根津美術館で特別展「胸中の山水・魂の書」を見ました。昨秋からの「新創記念」企画全8回の第4部で、館蔵の山水画24点と墨蹟13点。
山水画の室内はメイン作品である牧谿「漁村夕照図」のしっとり感が充満しています。展名の《胸中の山水》とは、画家の心に再構成された風景というほどの意味だそうです。いずれもさほど大きくない画面なのに、スッと絵の中に引き込まれてしまう不思議。
墨蹟はわりとおとなしめ。作者には日中の禅僧がいます。資料に基づいてさらに区分すれば、(1)中国人僧(2)来日経験のある中国人僧(3)日本人僧(4)留学経験のある日本人僧、となります。書を見るだけでこれが分類できるものかしばらく考えてみたのですが、シロウト目で判別するのは無理でした。

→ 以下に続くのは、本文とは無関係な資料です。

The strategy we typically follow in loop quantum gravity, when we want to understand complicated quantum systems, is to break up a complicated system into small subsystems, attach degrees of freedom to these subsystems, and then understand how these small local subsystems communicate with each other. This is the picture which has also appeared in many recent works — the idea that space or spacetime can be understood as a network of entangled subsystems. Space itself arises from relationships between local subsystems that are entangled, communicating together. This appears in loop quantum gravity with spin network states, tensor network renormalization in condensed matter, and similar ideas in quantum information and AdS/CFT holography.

チラシやウェブの案内文に《新しい照明設備で墨の微妙な表現がケース内でも再現できるようになりました》とあります。LED照明の普及によって展示環境はおそらく劇的に向上しているのでしょう。最新技術に感謝したい思いです。
次回の特別展が恒例「燕子花図屏風」。琳派のきらびやかな展示を控えての、今回のこの白黒の世界、なんとも渋い企画です。
なお、2階で併催されているコレクション展「香合百選」も愛らしくて見ごたえがありました。